I have a python package with many modules built into an .egg file and I want to use this inside zeppelin notebook. Acc to the zeppelin documentation, to pass this package to zeppelin spark interpreter, you can export it through --files option in SPARK_SUBMIT_OPTIONS in conf/zeppelin-env.sh. I have the following questions regarding this:

  1. In pyspark shell, .egg file given with --py-files is working (i.e I am able to import the module inside the package inside the pyspark shell), while the same .egg file with --files option is not working (ImportError: No module named XX.xx)

  2. Adding the .egg file via --py-files option in SPARK_SUBMIT_OPTIONS in zeppelin causes error: Error: --py-files given but primary resource is not a Python script. As per my understanding, whatever being given in SPARK_SUBMIT_OPTIONS is passed to spark-submit command, but why is --py-files throwing error?

  3. When I add the .egg through the --files option in SPARK_SUBMIT_OPTIONS , zeppelin notebook is not throwing error, but I am not able to import the module inside the zeppelin notebook.

What's the correct way to pass an .egg file zeppelin spark intrepreter?

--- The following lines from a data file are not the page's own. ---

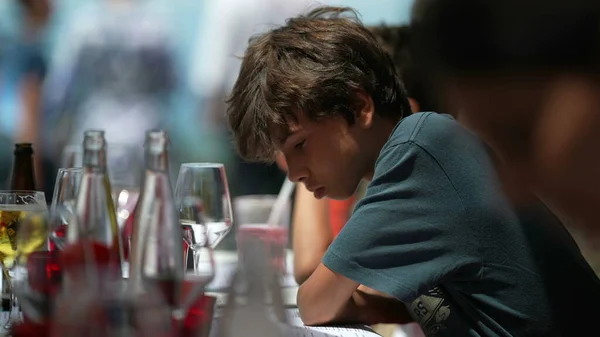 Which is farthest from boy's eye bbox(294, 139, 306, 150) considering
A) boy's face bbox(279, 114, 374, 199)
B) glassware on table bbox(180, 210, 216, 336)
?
glassware on table bbox(180, 210, 216, 336)

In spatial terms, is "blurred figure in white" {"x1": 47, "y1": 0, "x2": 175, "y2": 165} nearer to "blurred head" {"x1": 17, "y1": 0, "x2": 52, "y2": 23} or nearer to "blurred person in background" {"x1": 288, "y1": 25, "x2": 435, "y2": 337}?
"blurred head" {"x1": 17, "y1": 0, "x2": 52, "y2": 23}

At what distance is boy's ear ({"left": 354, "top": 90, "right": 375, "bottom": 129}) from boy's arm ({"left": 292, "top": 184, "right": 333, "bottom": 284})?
0.29 meters

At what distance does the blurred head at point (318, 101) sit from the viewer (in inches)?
51.1

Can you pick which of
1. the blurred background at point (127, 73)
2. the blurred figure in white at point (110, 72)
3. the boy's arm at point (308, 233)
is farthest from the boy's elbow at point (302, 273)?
the blurred figure in white at point (110, 72)

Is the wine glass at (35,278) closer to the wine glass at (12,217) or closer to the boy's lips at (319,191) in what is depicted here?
the wine glass at (12,217)

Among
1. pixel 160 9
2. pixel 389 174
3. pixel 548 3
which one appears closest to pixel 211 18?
pixel 160 9

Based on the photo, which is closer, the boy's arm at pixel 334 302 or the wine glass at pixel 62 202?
the wine glass at pixel 62 202

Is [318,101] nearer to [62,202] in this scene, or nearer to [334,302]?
[334,302]

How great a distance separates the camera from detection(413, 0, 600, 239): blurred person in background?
0.54m

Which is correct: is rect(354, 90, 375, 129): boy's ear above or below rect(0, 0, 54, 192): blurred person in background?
above

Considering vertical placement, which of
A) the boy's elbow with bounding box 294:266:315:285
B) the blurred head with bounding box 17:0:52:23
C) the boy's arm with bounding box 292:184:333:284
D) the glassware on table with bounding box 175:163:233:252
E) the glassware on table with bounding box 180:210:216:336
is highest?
the blurred head with bounding box 17:0:52:23

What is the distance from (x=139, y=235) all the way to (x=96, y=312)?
11cm

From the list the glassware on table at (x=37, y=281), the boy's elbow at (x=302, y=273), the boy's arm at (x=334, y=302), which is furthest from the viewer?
the boy's elbow at (x=302, y=273)

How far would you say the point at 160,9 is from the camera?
2584mm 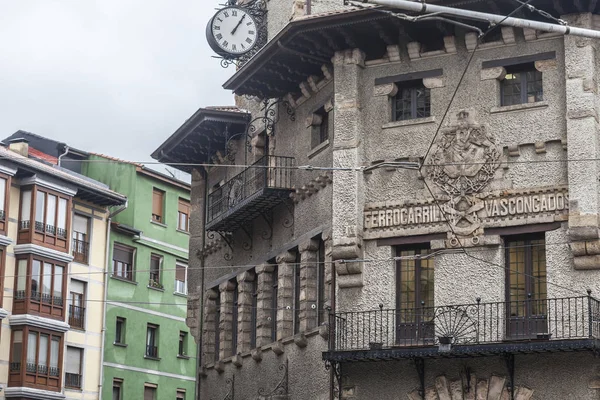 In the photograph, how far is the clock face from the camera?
3475 cm

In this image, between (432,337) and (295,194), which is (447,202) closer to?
(432,337)

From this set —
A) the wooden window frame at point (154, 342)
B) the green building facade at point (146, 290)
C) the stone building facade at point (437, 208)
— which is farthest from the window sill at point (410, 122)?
the wooden window frame at point (154, 342)

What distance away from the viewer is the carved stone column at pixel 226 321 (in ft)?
121

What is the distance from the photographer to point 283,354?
106 ft

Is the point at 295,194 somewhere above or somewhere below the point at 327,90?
below

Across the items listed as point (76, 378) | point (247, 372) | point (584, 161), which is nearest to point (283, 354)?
point (247, 372)

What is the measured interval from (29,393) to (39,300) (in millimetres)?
3655

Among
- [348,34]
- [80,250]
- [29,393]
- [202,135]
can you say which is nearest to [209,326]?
[202,135]

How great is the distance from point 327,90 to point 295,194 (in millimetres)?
2696

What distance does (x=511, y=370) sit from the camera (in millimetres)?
26938

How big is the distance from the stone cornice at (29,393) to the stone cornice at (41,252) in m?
5.20

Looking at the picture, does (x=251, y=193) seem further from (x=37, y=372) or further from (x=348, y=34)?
(x=37, y=372)

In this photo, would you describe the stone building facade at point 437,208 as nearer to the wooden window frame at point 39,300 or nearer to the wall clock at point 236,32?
the wall clock at point 236,32

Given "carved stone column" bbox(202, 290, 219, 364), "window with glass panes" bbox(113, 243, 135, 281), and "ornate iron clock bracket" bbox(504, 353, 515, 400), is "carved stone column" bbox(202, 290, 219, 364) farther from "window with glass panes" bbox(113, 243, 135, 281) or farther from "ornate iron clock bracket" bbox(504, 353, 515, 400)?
"window with glass panes" bbox(113, 243, 135, 281) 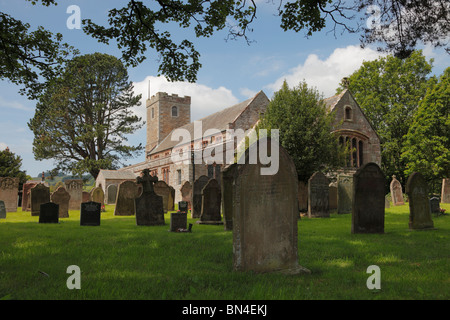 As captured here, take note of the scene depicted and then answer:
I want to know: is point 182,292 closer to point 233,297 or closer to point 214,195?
point 233,297

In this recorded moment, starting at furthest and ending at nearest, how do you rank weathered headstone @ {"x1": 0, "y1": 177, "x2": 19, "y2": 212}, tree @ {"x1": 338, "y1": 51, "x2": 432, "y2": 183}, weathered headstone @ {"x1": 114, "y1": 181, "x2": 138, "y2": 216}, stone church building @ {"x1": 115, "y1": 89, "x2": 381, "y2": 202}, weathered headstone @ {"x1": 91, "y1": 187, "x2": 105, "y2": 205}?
1. tree @ {"x1": 338, "y1": 51, "x2": 432, "y2": 183}
2. stone church building @ {"x1": 115, "y1": 89, "x2": 381, "y2": 202}
3. weathered headstone @ {"x1": 91, "y1": 187, "x2": 105, "y2": 205}
4. weathered headstone @ {"x1": 0, "y1": 177, "x2": 19, "y2": 212}
5. weathered headstone @ {"x1": 114, "y1": 181, "x2": 138, "y2": 216}

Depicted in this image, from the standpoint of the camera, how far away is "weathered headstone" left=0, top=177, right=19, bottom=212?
1747 centimetres

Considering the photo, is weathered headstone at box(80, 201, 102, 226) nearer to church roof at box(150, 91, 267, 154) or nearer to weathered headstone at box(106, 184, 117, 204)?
weathered headstone at box(106, 184, 117, 204)

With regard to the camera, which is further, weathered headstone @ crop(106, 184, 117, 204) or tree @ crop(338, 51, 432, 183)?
tree @ crop(338, 51, 432, 183)

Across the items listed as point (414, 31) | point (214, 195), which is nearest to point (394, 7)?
point (414, 31)

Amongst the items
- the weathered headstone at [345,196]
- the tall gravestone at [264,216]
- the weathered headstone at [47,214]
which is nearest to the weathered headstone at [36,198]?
the weathered headstone at [47,214]

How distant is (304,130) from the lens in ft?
59.5

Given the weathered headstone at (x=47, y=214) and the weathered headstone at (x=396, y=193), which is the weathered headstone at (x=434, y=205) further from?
the weathered headstone at (x=47, y=214)

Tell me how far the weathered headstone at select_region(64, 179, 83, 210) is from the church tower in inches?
→ 1192

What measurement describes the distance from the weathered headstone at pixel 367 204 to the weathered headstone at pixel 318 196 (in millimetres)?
4916

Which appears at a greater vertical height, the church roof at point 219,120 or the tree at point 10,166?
the church roof at point 219,120

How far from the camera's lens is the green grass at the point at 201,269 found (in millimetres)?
3828

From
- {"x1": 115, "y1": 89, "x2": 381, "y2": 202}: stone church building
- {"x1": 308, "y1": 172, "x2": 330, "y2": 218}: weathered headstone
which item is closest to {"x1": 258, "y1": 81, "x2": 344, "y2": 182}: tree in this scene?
{"x1": 308, "y1": 172, "x2": 330, "y2": 218}: weathered headstone

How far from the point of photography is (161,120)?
51938mm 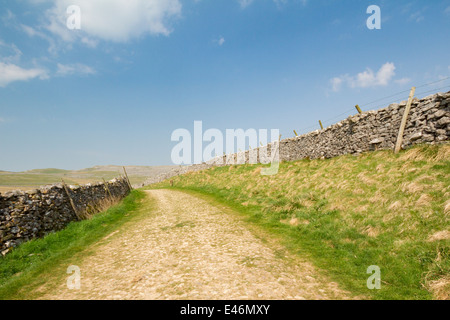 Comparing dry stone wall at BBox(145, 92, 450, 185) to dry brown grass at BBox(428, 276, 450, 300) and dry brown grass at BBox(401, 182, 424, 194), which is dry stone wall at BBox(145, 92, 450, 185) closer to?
dry brown grass at BBox(401, 182, 424, 194)

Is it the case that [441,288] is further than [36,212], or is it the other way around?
[36,212]

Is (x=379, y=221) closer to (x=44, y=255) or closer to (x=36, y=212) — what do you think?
(x=44, y=255)

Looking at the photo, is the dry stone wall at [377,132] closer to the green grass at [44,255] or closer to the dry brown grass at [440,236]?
the dry brown grass at [440,236]

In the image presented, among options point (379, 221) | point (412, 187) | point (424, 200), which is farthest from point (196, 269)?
point (412, 187)

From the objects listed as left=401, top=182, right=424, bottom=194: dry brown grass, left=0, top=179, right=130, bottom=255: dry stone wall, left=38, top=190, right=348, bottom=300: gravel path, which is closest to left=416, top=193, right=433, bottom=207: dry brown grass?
left=401, top=182, right=424, bottom=194: dry brown grass

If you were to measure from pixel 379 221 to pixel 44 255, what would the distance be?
1274 cm

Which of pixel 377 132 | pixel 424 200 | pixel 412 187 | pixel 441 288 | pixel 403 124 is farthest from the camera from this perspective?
pixel 377 132

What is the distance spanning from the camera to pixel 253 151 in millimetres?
34469

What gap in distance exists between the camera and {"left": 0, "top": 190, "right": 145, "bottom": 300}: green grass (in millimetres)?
6142

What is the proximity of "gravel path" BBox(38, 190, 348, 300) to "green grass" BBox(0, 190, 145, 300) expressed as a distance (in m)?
0.86

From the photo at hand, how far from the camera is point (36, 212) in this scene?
35.9ft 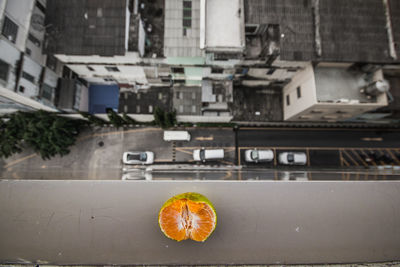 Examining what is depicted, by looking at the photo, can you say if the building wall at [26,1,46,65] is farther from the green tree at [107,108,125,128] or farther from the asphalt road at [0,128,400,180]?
the asphalt road at [0,128,400,180]

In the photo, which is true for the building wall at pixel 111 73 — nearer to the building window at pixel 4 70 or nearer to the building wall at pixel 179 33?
the building wall at pixel 179 33

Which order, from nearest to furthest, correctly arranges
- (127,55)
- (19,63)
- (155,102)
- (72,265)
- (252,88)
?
(72,265) → (19,63) → (127,55) → (155,102) → (252,88)

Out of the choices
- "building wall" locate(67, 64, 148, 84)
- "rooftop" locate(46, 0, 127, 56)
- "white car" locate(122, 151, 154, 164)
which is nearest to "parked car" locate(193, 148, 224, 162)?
"white car" locate(122, 151, 154, 164)

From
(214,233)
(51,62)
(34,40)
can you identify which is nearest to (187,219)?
(214,233)

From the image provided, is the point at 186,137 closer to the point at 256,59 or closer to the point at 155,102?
the point at 155,102

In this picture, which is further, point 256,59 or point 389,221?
point 256,59

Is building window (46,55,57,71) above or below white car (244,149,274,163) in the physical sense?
above

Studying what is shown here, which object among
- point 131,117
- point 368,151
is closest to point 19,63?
point 131,117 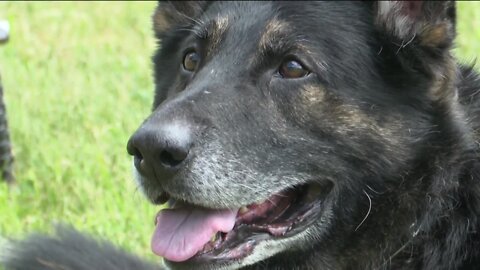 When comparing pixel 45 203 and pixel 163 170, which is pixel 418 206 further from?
pixel 45 203

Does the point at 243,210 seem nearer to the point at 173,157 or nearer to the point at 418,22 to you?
the point at 173,157

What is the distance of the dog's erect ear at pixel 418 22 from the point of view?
3395mm

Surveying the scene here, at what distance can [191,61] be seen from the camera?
375 centimetres

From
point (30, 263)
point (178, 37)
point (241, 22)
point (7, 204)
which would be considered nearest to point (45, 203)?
point (7, 204)

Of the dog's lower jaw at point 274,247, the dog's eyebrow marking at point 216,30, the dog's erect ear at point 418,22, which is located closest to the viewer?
the dog's lower jaw at point 274,247

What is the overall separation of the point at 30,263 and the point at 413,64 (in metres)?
2.14

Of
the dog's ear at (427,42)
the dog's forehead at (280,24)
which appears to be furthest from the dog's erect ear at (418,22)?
the dog's forehead at (280,24)

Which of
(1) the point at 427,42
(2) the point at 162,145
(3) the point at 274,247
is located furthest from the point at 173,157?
(1) the point at 427,42

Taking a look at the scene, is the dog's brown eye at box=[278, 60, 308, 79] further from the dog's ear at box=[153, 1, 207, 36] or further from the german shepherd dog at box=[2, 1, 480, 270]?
the dog's ear at box=[153, 1, 207, 36]

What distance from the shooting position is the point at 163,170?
10.3 feet

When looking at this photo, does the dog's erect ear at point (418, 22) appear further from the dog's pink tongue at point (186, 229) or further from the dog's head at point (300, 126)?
the dog's pink tongue at point (186, 229)

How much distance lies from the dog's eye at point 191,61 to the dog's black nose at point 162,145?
654 mm

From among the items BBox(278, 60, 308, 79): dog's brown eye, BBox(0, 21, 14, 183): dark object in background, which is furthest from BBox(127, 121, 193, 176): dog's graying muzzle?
BBox(0, 21, 14, 183): dark object in background

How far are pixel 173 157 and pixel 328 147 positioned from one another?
652 mm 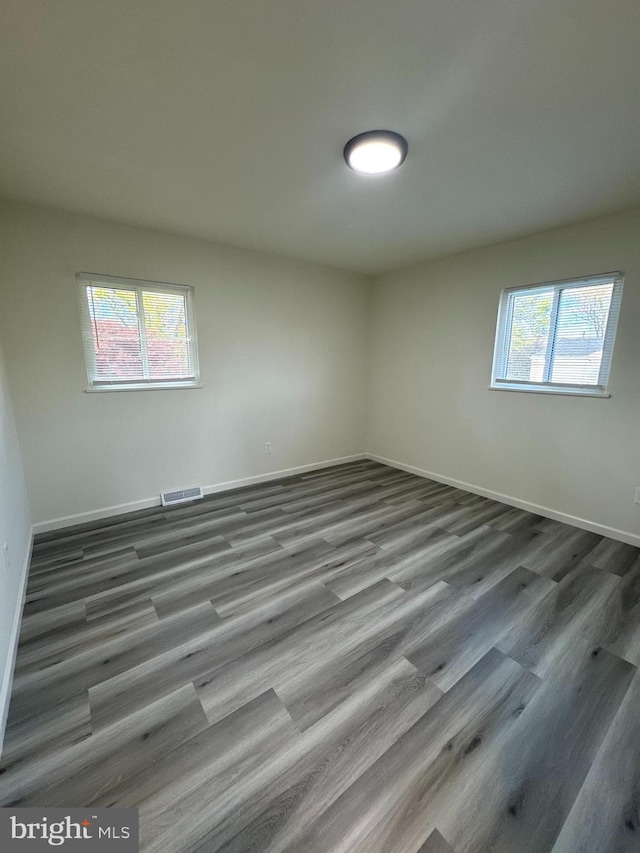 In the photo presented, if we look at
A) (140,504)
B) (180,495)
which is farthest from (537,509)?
(140,504)

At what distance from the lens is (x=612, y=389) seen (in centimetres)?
272

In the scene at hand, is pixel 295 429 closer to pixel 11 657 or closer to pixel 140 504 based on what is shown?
pixel 140 504

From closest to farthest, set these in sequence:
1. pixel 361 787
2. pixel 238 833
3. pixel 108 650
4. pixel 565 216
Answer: pixel 238 833 → pixel 361 787 → pixel 108 650 → pixel 565 216

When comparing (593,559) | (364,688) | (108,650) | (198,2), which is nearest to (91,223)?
(198,2)

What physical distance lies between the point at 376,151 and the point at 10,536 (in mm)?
2932

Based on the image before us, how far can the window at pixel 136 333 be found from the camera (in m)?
2.88

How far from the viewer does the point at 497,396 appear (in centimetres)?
347

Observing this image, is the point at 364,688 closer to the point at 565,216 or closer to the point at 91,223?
the point at 565,216

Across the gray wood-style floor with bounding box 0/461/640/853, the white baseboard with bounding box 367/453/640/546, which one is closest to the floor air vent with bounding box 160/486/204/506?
the gray wood-style floor with bounding box 0/461/640/853

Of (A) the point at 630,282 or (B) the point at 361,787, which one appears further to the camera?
(A) the point at 630,282

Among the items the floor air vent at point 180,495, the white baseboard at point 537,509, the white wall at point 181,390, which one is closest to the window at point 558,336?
the white baseboard at point 537,509

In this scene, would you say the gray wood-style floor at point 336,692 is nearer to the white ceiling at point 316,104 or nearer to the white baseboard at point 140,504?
the white baseboard at point 140,504

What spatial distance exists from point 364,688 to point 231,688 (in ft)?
1.94

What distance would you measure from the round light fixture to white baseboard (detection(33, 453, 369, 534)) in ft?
10.2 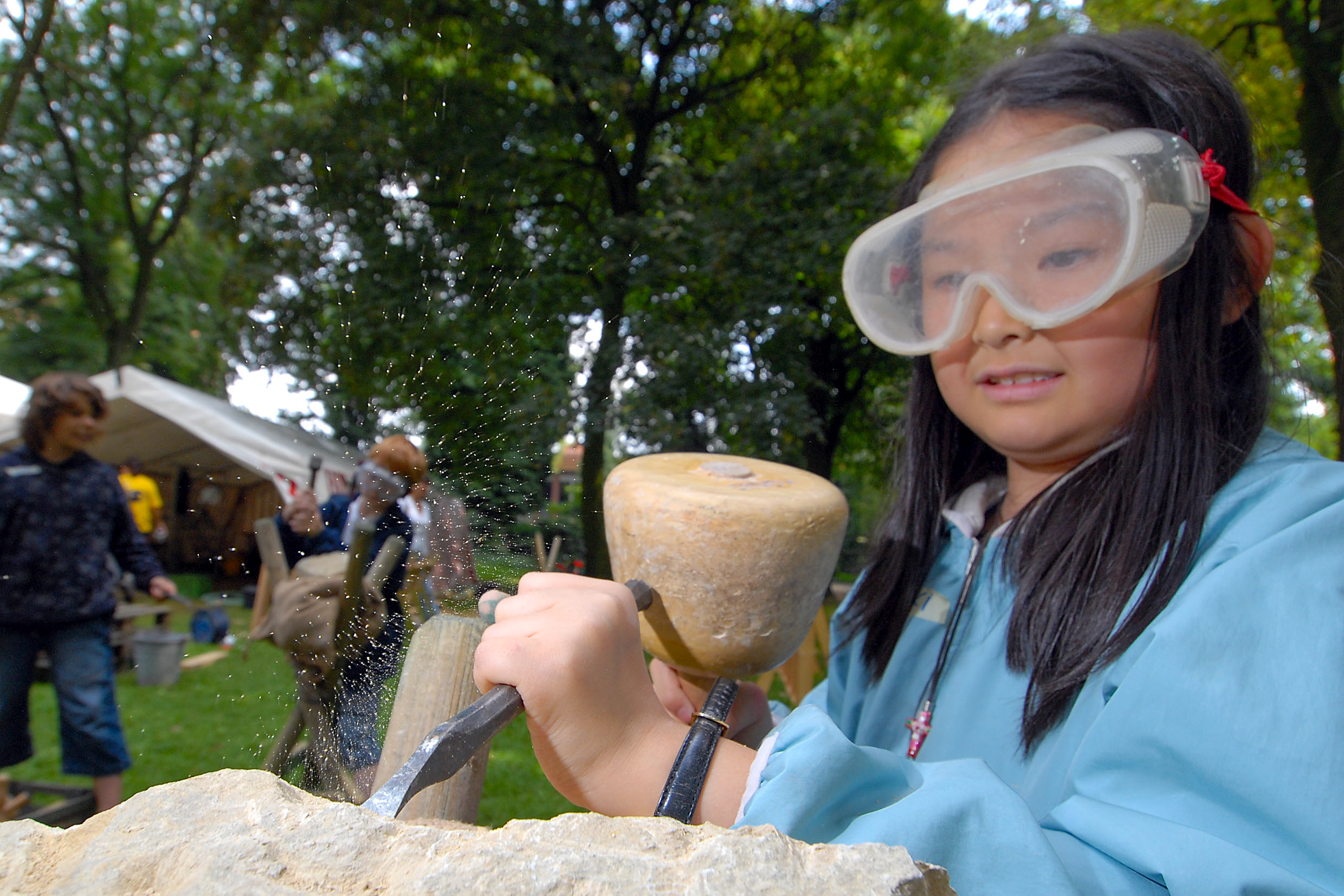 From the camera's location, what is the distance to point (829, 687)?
159 centimetres

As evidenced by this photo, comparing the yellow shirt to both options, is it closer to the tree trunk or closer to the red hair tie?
the tree trunk

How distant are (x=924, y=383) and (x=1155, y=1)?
15.2 feet

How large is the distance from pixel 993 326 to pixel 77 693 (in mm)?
3770

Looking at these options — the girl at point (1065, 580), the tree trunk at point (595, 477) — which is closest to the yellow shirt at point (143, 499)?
the tree trunk at point (595, 477)

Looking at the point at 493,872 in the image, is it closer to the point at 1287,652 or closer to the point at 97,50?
the point at 1287,652

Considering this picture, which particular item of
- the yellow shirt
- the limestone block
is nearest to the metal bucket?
the yellow shirt

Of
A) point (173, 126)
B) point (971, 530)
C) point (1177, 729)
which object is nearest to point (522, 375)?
point (1177, 729)

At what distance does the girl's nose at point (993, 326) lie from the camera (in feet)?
3.86

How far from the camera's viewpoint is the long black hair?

Spark version is 1.6.2 and zeppelin version is 0.6.0

The zepplein-env.sh file contains the follwing:

export SPARK_HOME=/home/me/spark-1.6.1-bin-hadoop2.6
export SPARK_SUBMIT_OPTIONS="--jars /home/me/spark-csv-1.5.0-s_2.10.jar,/home/me/commons-csv-1.4.jar --files /home/me/models/Churn-zeppelin/package/build/dist/fly_libs-1.1-py2.7.egg"
Meethu Mathew
  • 431
  • 1
  • 6
  • 15
  • 1
    Which versions of Spark/Zepplin are you using? – Yaron Jan 31 '17 at 11:56
  • Can you post the whole command as well? – 1ambda Jan 31 '17 at 12:40
  • Spark version 1.6.2 and zeppelin 0.6.0 – Meethu Mathew Feb 01 '17 at 03:52
  • 2
    @MeethuMathew: Did you resolve this in the end? I see exactly the same as you with Zeppelin 0.7.0 pointing at Spark 2.1.0. I see you also raised the JIRA issue at https://issues.apache.org/jira/browse/ZEPPELIN-2136. Yes, the `sc.addPyFile()` works around it but it's not really practical for sharing multiple dependencies with other users of Zeppelin. Another workaround is to install your eggs in site-packages on all nodes and then use the `PYSPARK_PYTHON` variable in `zeppelin-env.sh` to give the path to python (including the executable itself). The path must be the same on all nodes. – snark Jan 04 '18 at 15:31
  • @snark the sc.addPyFile() – Meethu Mathew Feb 07 '18 at 09:56

1 Answers1

0

if you have a python dependecy package spark_utils.zip contains

src/hdfs_utils.py

and you can use it with 2 way

sc.addPyFile

%pyspark

sc.addPyFile("/mnt/zeppelin/python-packages/spark_utils.zip")
from src.hdfs_utils import get_hdfs_paths, delete_path

spark.submit.pyFiles

in another way, config spark.submit.pyFiles

%spark.conf

# python venv
PYSPARK_PYTHON               /mnt/zeppelin/python-venv/bin/python
PYSPARK_DRIVER_PYTHON        /mnt/zeppelin/python-venv/bin/python

# dependency
spark.submit.pyFiles /mnt/zeppelin/python-packages/spark_utils.zip

and you can just use it like this:

%pyspark

from src.hdfs_utils import get_hdfs_paths, delete_path

the first use dynamic load for develop

the scond use pre defined pakcage in config file in prod

geosmart
  • 518
  • 4
  • 15